1.3.1.3.2 α-L-Arabinofuranosidase in pulp and paper industry
Several commercial xylanase preparations are available for the treatment of pulp (Gubitz et al., 1997). Application of α-L-arabinofuranosidase further enhances the delignification of pulp as the enzyme acts to release arabinose side chain that retard the action of other bleaching enzymes (Numan and Bhosle, 2006). The removal
of lignin from semi-bleached kraft pulp was improved when the pulp was treated with α-L-arabinofuranosidase from Bacills stearothermophilus L1 together with xylanase (Dhiman et al., 2000; Numan and Bhosle, 2006). The enzyme acted synergistically with a thermophilic xylanase in the delignification process, releasing 19.2% of lignin (Dhiman et al., 2000; Numan and Bhosle, 2006). The delignification obtained using the combined enzyme treatment is more than the sum of the amounts obtained using the enzymes separately (Gubitz et al., 1997).

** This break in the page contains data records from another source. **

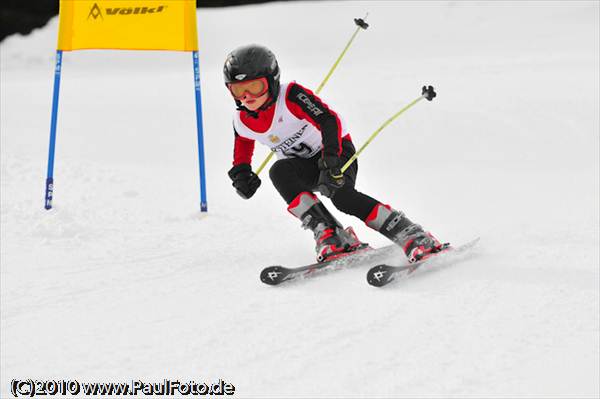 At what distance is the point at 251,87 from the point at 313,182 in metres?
0.68

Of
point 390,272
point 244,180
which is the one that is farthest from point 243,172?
point 390,272

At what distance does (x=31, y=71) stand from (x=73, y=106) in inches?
134

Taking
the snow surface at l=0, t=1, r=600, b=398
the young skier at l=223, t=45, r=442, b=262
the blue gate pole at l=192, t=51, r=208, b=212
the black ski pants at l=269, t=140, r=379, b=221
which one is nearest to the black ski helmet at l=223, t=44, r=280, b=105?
the young skier at l=223, t=45, r=442, b=262

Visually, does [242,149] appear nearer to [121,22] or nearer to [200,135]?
[200,135]

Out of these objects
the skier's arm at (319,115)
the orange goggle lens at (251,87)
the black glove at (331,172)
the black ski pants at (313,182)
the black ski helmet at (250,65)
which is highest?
the black ski helmet at (250,65)

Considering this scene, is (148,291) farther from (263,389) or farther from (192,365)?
(263,389)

1.3.1.3.3 L-Arabinose as antiglycemic agent
L-Arabinose released from arabinose containing polysaccharides by α-L-Araf can be used as food additive because of its sweet taste and low uptake due to its poor absorption by the human body (Numan and Bhosle, 2006). It has been reported that L- arabinose selectively inhibits intestinal sucrase in a competitive manner and thus reduces the glycemic response after sucrose ingestion in animals so α-L-Araf can be used as prebiotics (Saha, 2000; Numan and Bhosle, 2006).